2 min read

As the designs near completion, the Middle School Building Committee will be presenting a progress update at Westbrook High School, room 114 on Tuesday at 6 p.m.

“We’ve gone a long way since we last went out to the public,” said City Councilor John O’Hara, who chairs the committee with Westbrook Planning Board member Rene Daniel. “We owe the public a nice meeting.”

The committee and some 17 subcommittees having been working over the last few months on nailing down the layout of classrooms, offices and the library, choosing interior and exterior designs, developing landscaping plans and numerous other aspects of the building and grounds.

“I think the most exciting thing is the technology that will exist in the school. Not only in the building, but the whole campus will be wireless,” said Superintendent Stan Sawyer. The wireless Internet connection will allow projects and experiments to be completed outdoors. He suggested it may even increase the number of parents who can make it to games, since they’ll be able to work while they watch their children play.

For those involved in the project, the excitement around the building has not died down these months after voters approved the school at referendum in May.

“It’s long overdue for the middle school and our community,” said Sawyer.

Advertisement

Residents voted May 22 to approve a new, $29.4 million school, which would be state funded, and to authorize $4.1 million in local spending to pay for an auditorium.

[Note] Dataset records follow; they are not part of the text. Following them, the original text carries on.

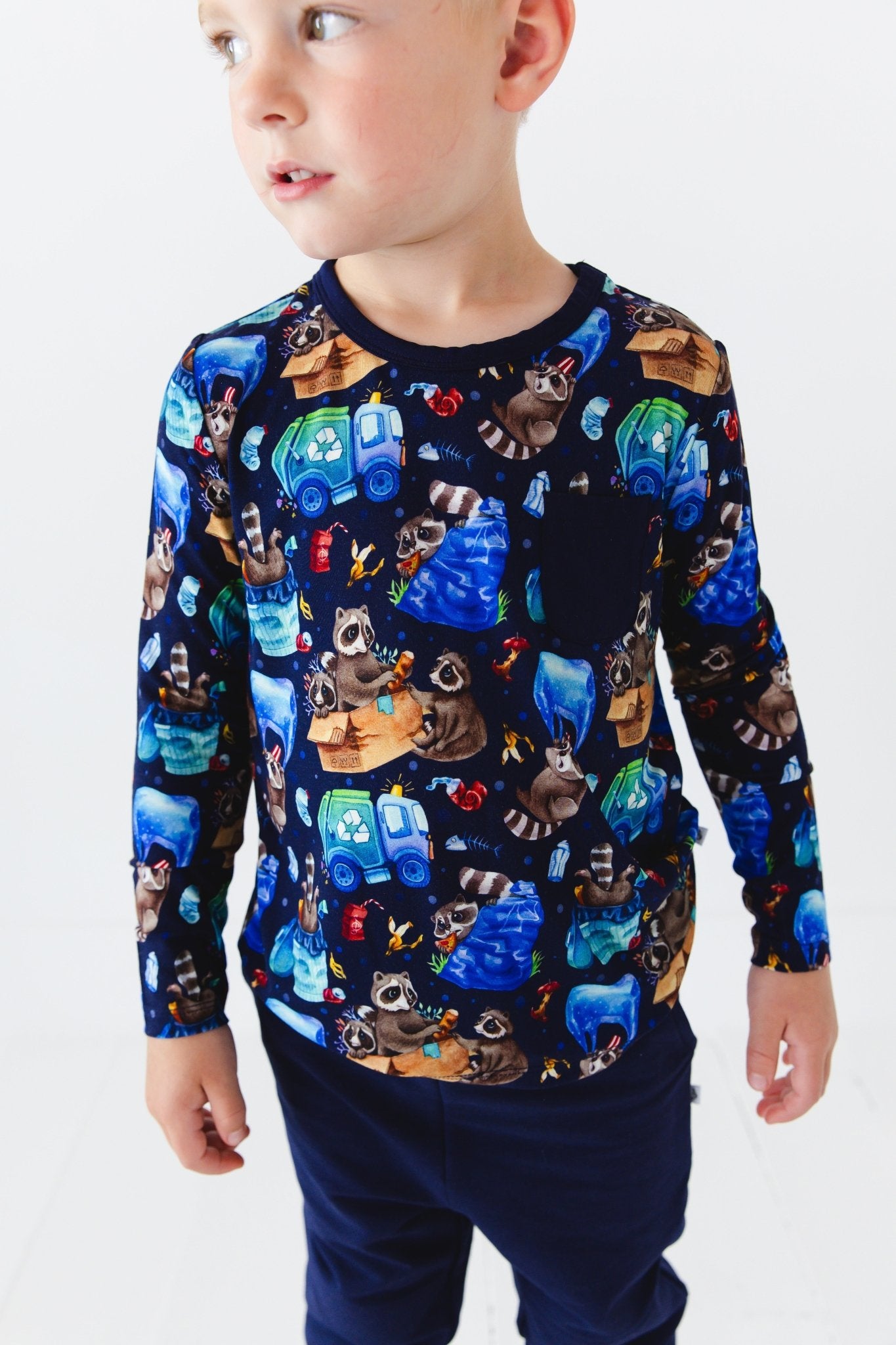 Nocturnal Nonsense Kids' Long Sleeve T-shirt - Jammie Session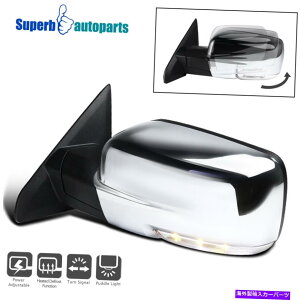 US~[ tBbg2009-2012 RAM 1500p[TCh~[XCo[Jo[/MM Fits 2009-2012 Ram 1500 Left Power Side Mirror Sliver Cover w/ Heated & signal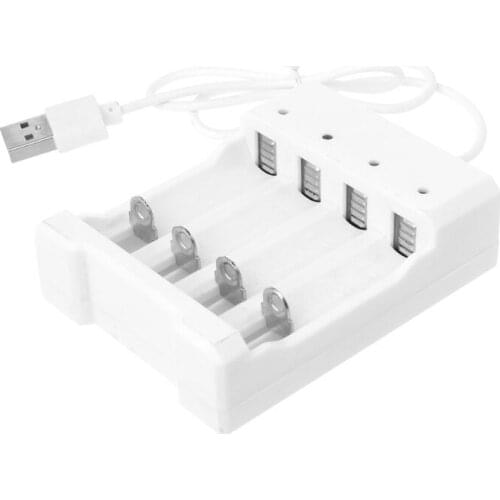 1.2V Universal Smart 4-Slot AA/AAA Rechargeable Battery Charger Adapter USB Plug B85B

Sawyer said Tuesday’s meeting will be an opportunity for the building committee, along with architect Dan Cecil of Harriman Associates, to give an update to the school committee, the Westbrook City Council and the community. Those at the meeting are encouraged to give feedback and suggestions on the various aspects of the building that will be presented.

For O’Hara, the building has a number of aspects that he considers “most exciting,” not the least of which is the first-class auditorium for the community, which could eventually bring in revenues as a prime performing arts space.

“That, and the way the building will be a green building is a really exciting part of this,” O’Hara said. The new middle school will be LEED certified, meaning it will meet the criteria of the Leadership in Energy and Environmental Design progam of the U.S. Green Building Council. It will use geothermal energy for climate control. Recent digging for the geothermal wells was successful, as much higher quantities of water than needed were found.

The school will be built on a 65-acre plot off Stroudwater Street, purchased from Thomas DeWolfe and Elizabeth Faye in 2006 for just under $990,000. O’Hara is enthused by the property, and thinks the purchase was one of the best decisions the city has made.

“That land belongs not only to the people that are here now, but for the people in the future to come. And leaving half of it green space, it’s unbelievable,” O’Hara said.